- [Input data]:
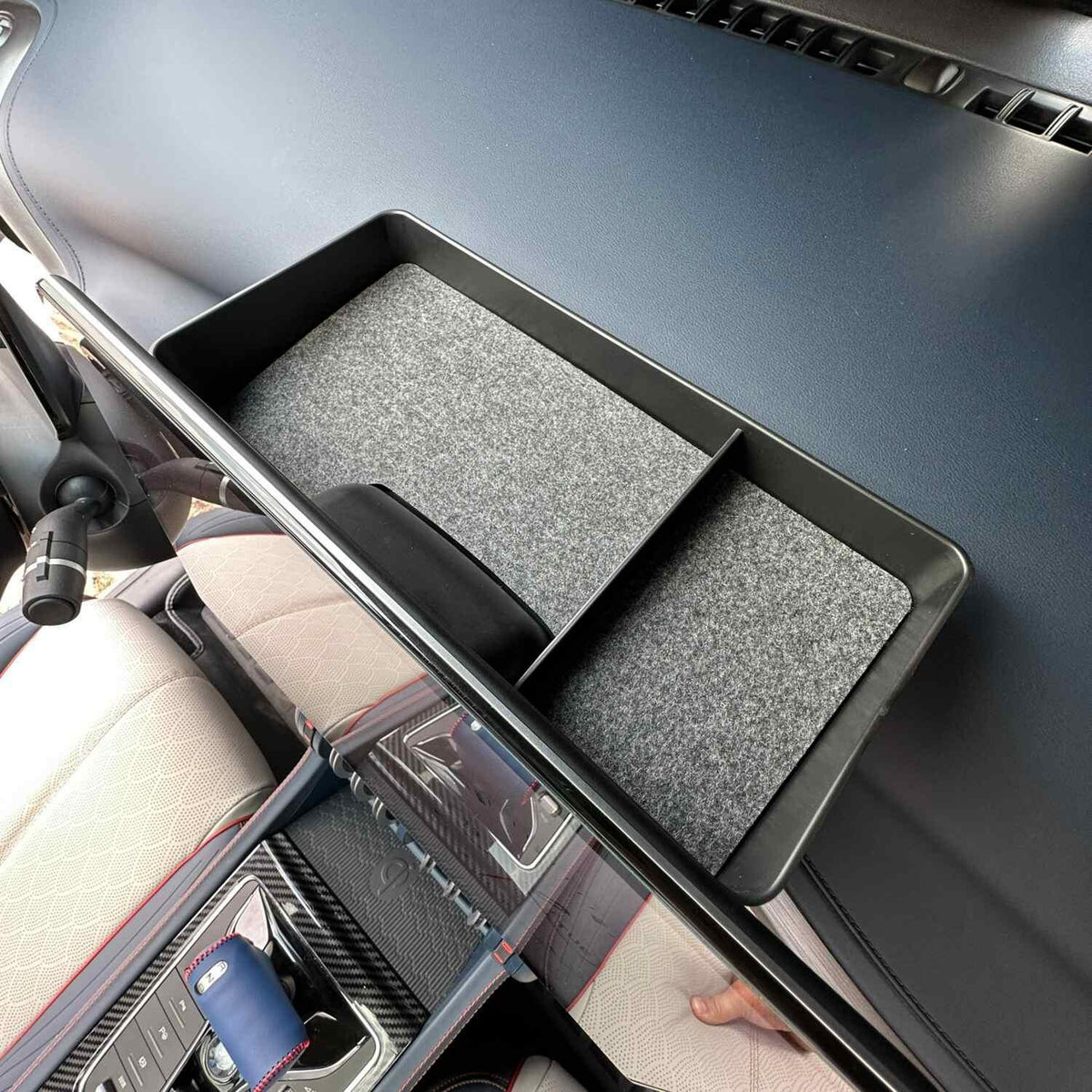 Black dual-compartment center console organizer tray with grey felt lining for BYD interior.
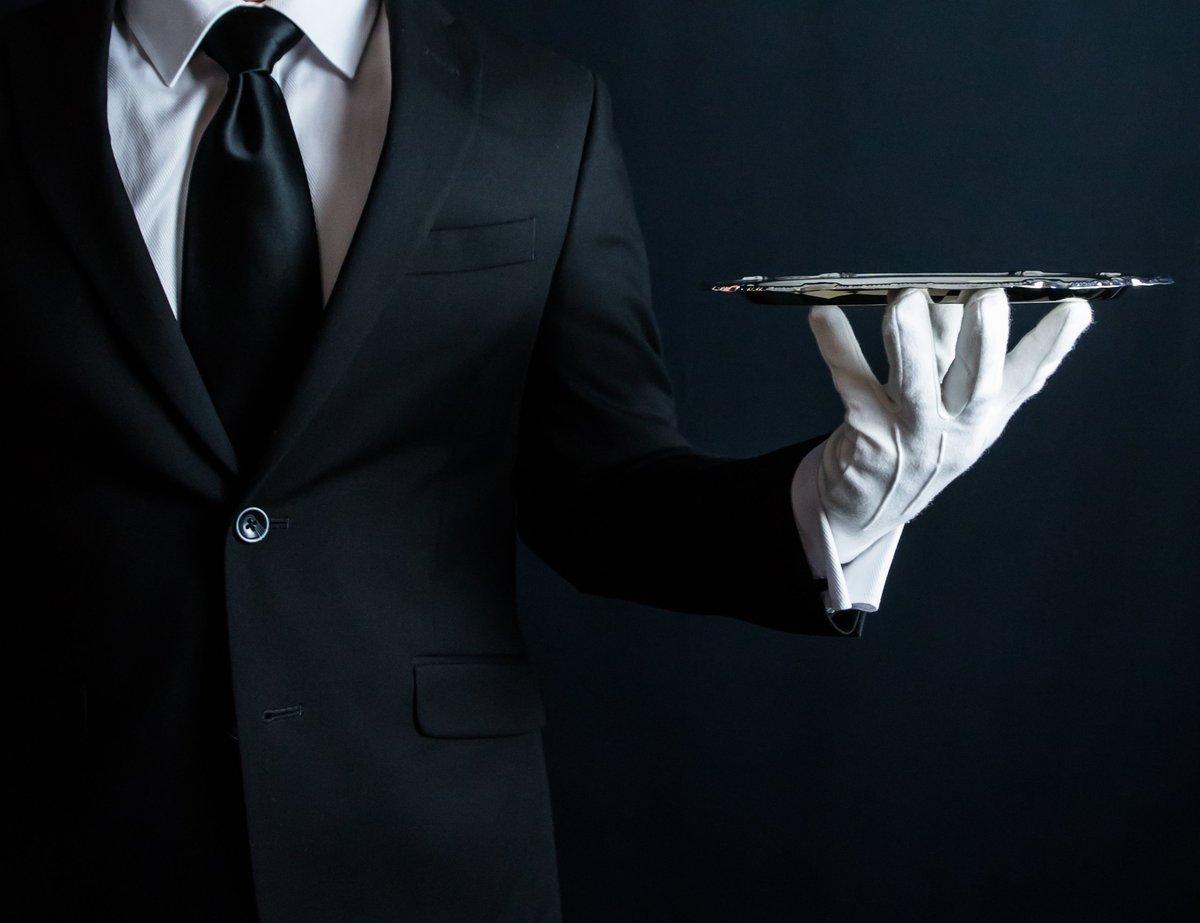 A butler in an immaculate suit and white gloves holding a silver tray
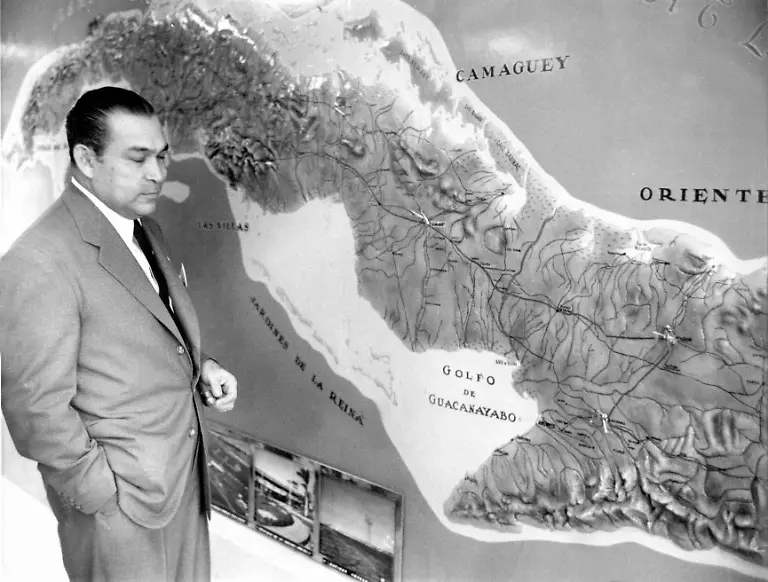 Der-kubanische-Diktator-erlaeutert-am-7-April-1958-in-Havanna-vor-Journalisten-anhand-einer-Karte-wo-seine-Regierungstruppen-die-Guerillas-um-Fidel-Castro-angeblich-entdeckt-und-isoliert-haben-Fulgencio-Batista-war-von-1940-1944-kubanischer-Diktator-1952-uebernahm-er-nach-einem-Putsch-erneut-die-Macht-und-fungierte-als-Staatspraesident-des-mittelamerikanischen-Inselstaates-bis-er-im-Januar-1959-vor-den-Truppen-des-Guerilla-Fuehrers-Fidel-Castro-ins-Exil-fluechtete-Fulgencio-Batista-y-Zaldivar-wurde-am-16-Januar-1901-in-Banes-geboren-und-ist-am-6-August-1973-in-Marbella-Spanien-gestorben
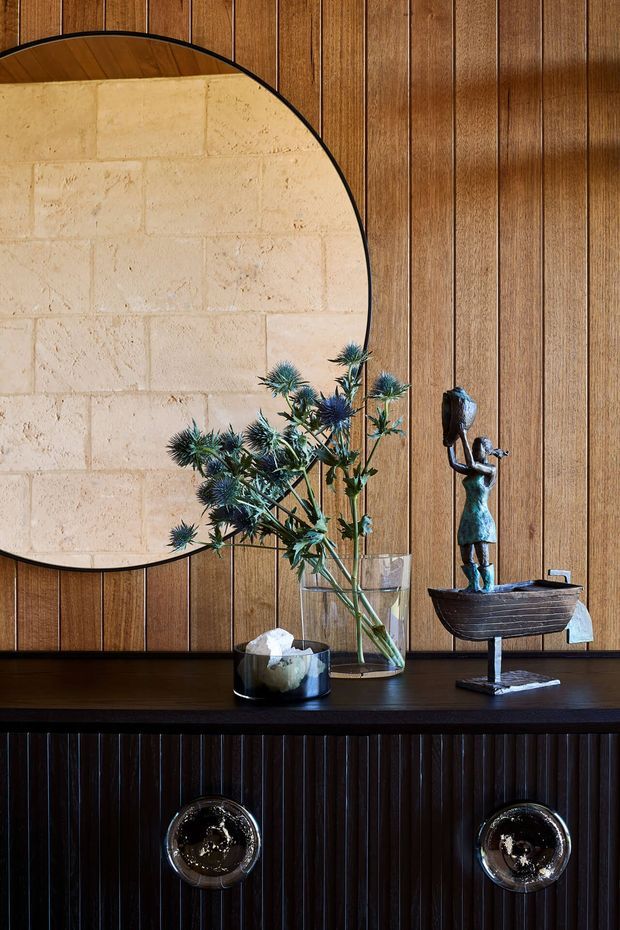 Close-up interior vignette featuring a dark timber console with fluted drawer fronts and round metallic pulls. Behind it is a warm mid-toned vertical timber-panelled wall with a large irregular rounded-edge light stone or plaster feature panel. The console displays a glass vase of blue thistles and a sculptural metal artwork depicting a figure in a boat. The composition is warm, textural, refined, and strongly influenced by mid-century styling.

- [Exercise requirements]: An exact copy of the listing above is to be set down, with no pictures in it.

- [Result for this exercise]:
 Black dual-compartment center console organizer tray with grey felt lining for BYD interior.
 A butler in an immaculate suit and white gloves holding a silver tray
 Der-kubanische-Diktator-erlaeutert-am-7-April-1958-in-Havanna-vor-Journalisten-anhand-einer-Karte-wo-seine-Regierungstruppen-die-Guerillas-um-Fidel-Castro-angeblich-entdeckt-und-isoliert-haben-Fulgencio-Batista-war-von-1940-1944-kubanischer-Diktator-1952-uebernahm-er-nach-einem-Putsch-erneut-die-Macht-und-fungierte-als-Staatspraesident-des-mittelamerikanischen-Inselstaates-bis-er-im-Januar-1959-vor-den-Truppen-des-Guerilla-Fuehrers-Fidel-Castro-ins-Exil-fluechtete-Fulgencio-Batista-y-Zaldivar-wurde-am-16-Januar-1901-in-Banes-geboren-und-ist-am-6-August-1973-in-Marbella-Spanien-gestorben
 Close-up interior vignette featuring a dark timber console with fluted drawer fronts and round metallic pulls. Behind it is a warm mid-toned vertical timber-panelled wall with a large irregular rounded-edge light stone or plaster feature panel. The console displays a glass vase of blue thistles and a sculptural metal artwork depicting a figure in a boat. The composition is warm, textural, refined, and strongly influenced by mid-century styling.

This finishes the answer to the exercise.